Please output the lines from the one with "Thumbnail: 2020 Jeep Gladiator - 2" through the end of the data exactly as written, omitting all pictures.

LISTED RECORDS:
....
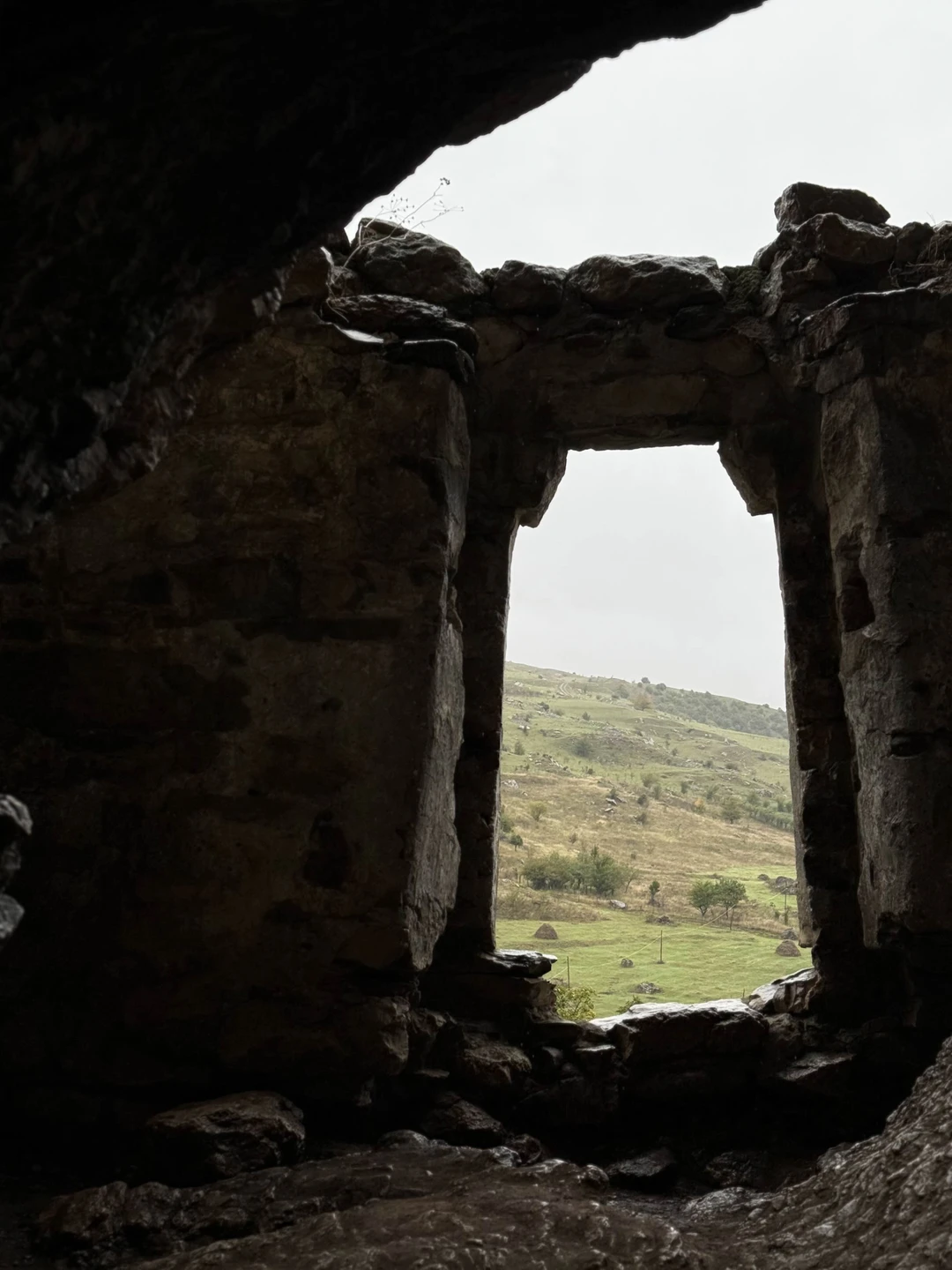 Из Пятигорска - в Северную Осетию (Алина)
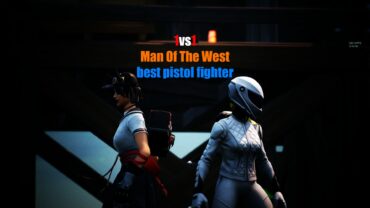1vs1 pistol fight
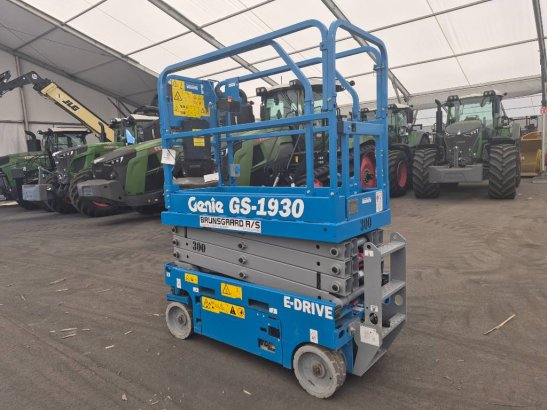 Genie GS 1930 GS 1930 2022 2 Scissor Lifts image 3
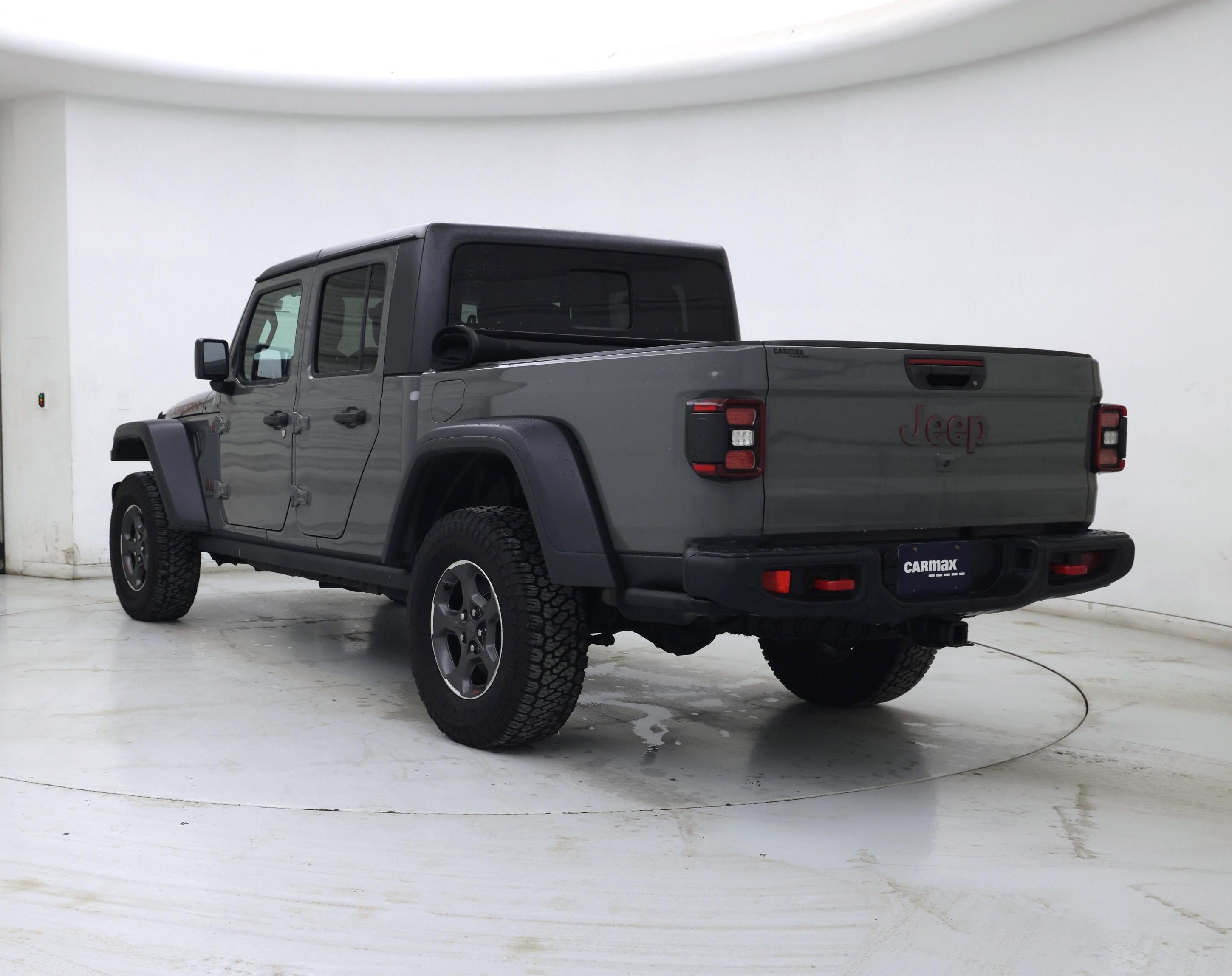 Thumbnail: 2020 Jeep Gladiator - 2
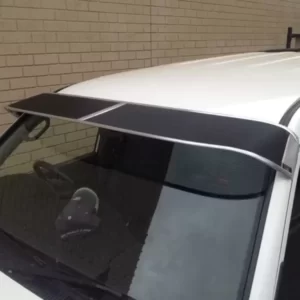 Toyota Land Cruiser 200 Series 11/07on Mesh Windscreen Sunvisor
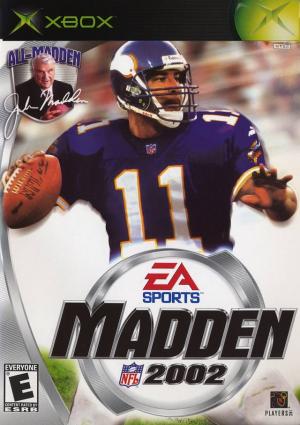 Madden 2002 (Complete)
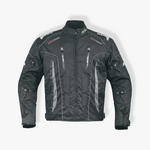 Load image into Gallery viewer, Men Ultimate Visibility Motorcycle Jacket
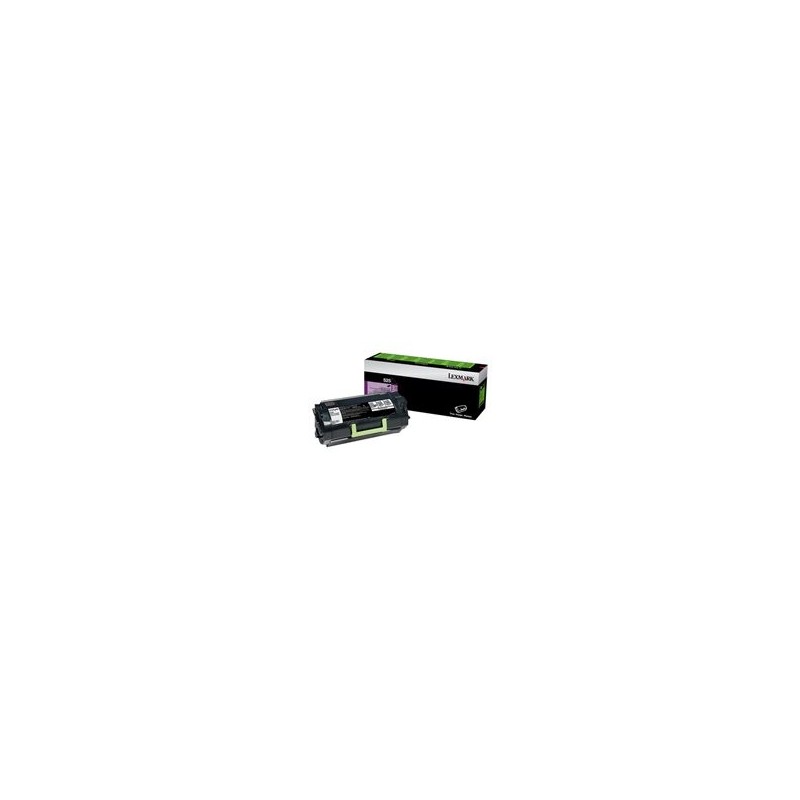 Toner 522 6k black MS810/811/812 52D2000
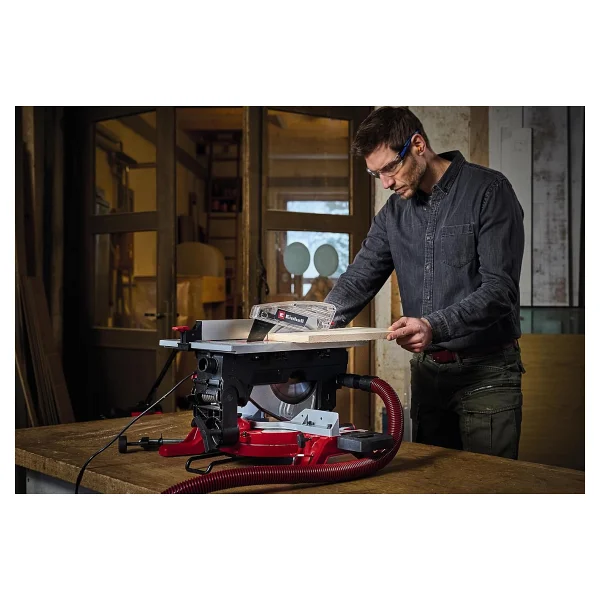 Einhell Te-Ms 254 T Tablalı Gönye Testere - Görsel 2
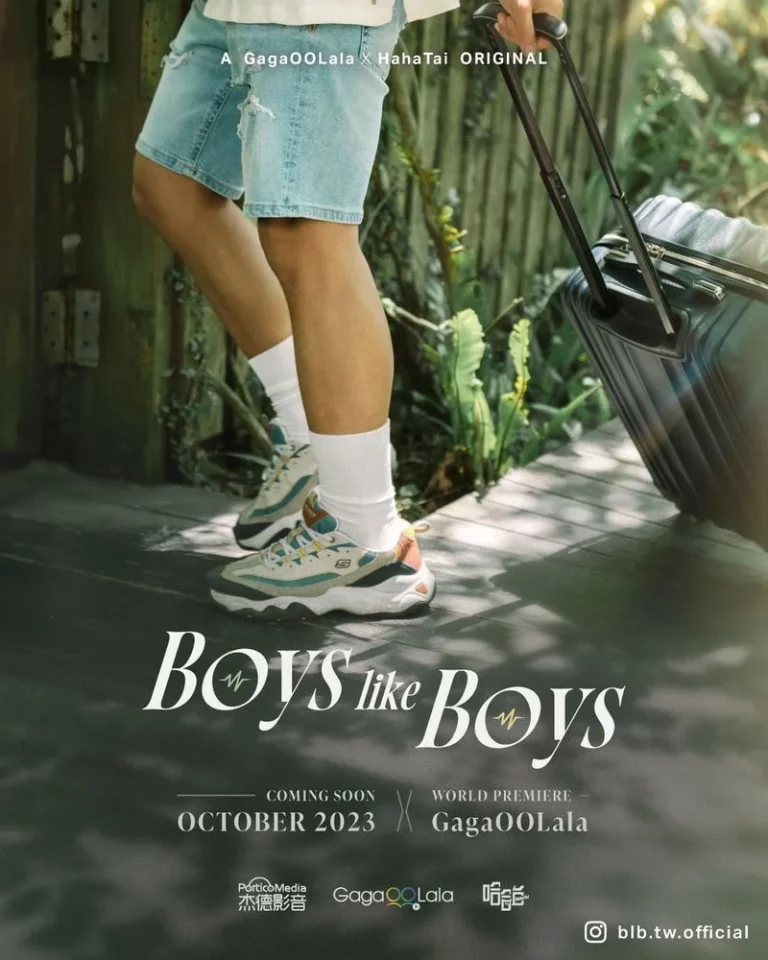 Boys Like Boys (2023) เดตร้อนคว้ารัก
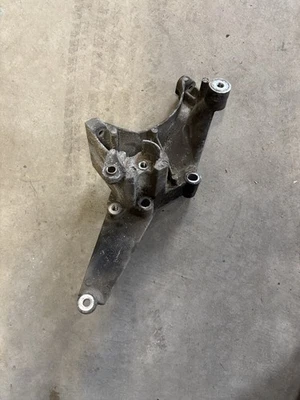 93-96 Ford F-150 bronco 5.0L 5.8L alternator tensioner bracket F3TA-10239-DBI - Image 1 of 3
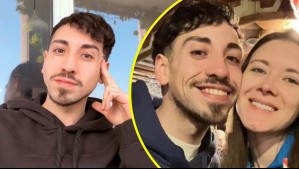 A más de un mes del quiebre: Diego Urrutia se refirió al fin de su relación con Carla Jara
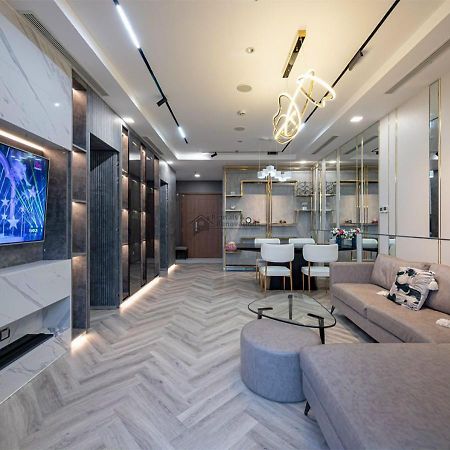 Vinhomes Central Park Apartments - The Central -The Park -The Landmark Ho Chi Minh-byen Eksteriør bilde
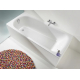 Ванна стальная KALDEWEI Saniform Plus 170x70 easy clean+anti-slip 363-1 антискользящее покрытие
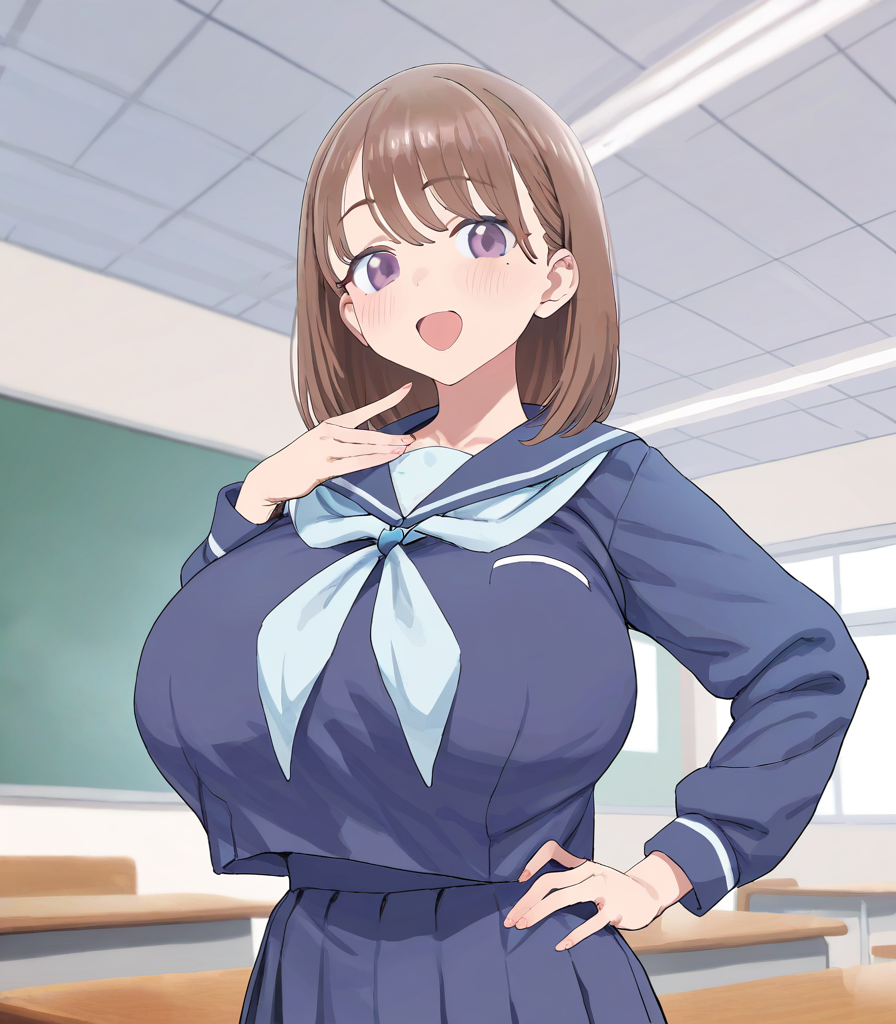 姉ヶ崎宁宁 第2页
....
WORKED SOLUTION:
 Thumbnail: 2020 Jeep Gladiator - 2
 Toyota Land Cruiser 200 Series 11/07on Mesh Windscreen Sunvisor
 Madden 2002 (Complete)
 Load image into Gallery viewer, Men Ultimate Visibility Motorcycle Jacket
 Toner 522 6k black MS810/811/812 52D2000
 Einhell Te-Ms 254 T Tablalı Gönye Testere - Görsel 2
 Boys Like Boys (2023) เดตร้อนคว้ารัก
 93-96 Ford F-150 bronco 5.0L 5.8L alternator tensioner bracket F3TA-10239-DBI - Image 1 of 3
 A más de un mes del quiebre: Diego Urrutia se refirió al fin de su relación con Carla Jara
 Vinhomes Central Park Apartments - The Central -The Park -The Landmark Ho Chi Minh-byen Eksteriør bilde
 Ванна стальная KALDEWEI Saniform Plus 170x70 easy clean+anti-slip 363-1 антискользящее покрытие
 姉ヶ崎宁宁 第2页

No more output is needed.